**DATA EXTRACTS:**
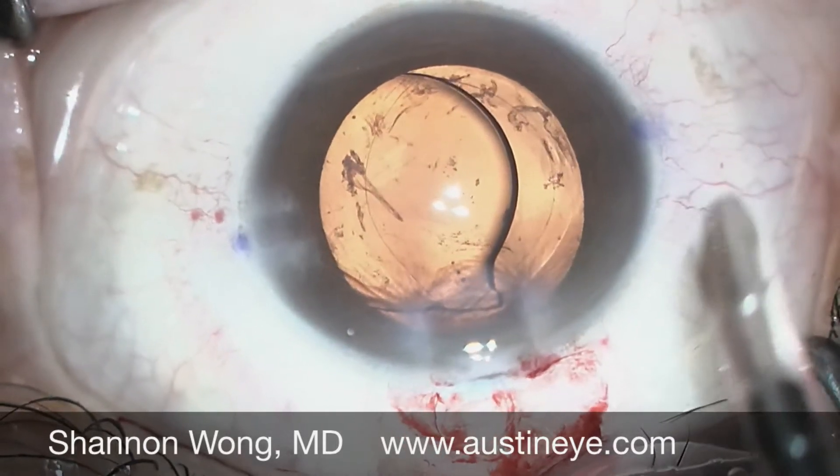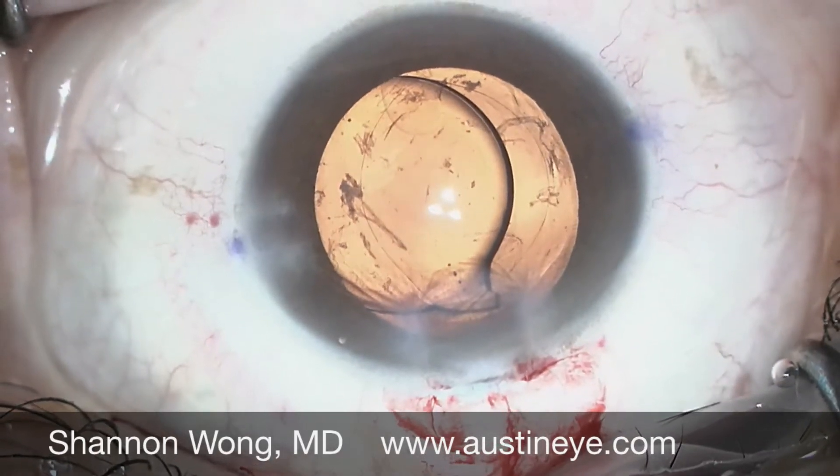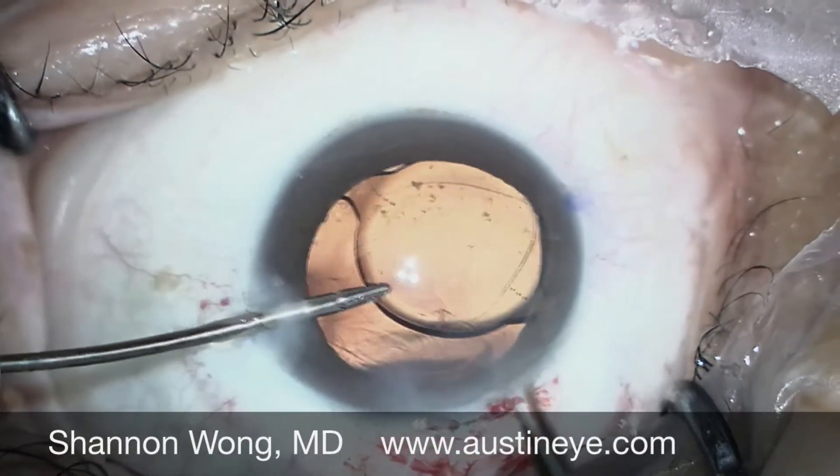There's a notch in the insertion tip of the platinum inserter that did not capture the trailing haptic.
...
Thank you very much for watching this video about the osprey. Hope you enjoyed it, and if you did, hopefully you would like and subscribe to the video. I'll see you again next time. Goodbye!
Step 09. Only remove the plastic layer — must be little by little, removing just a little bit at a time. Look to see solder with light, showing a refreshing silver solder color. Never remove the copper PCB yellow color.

**PROBLEM STATEMENT:** Where does the word "time" appear in the records above? Return every line that holds it.

**OUTPUT FOR THIS TASK:**
Thank you very much for watching this video about the osprey. Hope you enjoyed it, and if you did, hopefully you would like and subscribe to the video. I'll see you again next time. Goodbye!
Step 09. Only remove the plastic layer — must be little by little, removing just a little bit at a time. Look to see solder with light, showing a refreshing silver solder color. Never remove the copper PCB yellow color.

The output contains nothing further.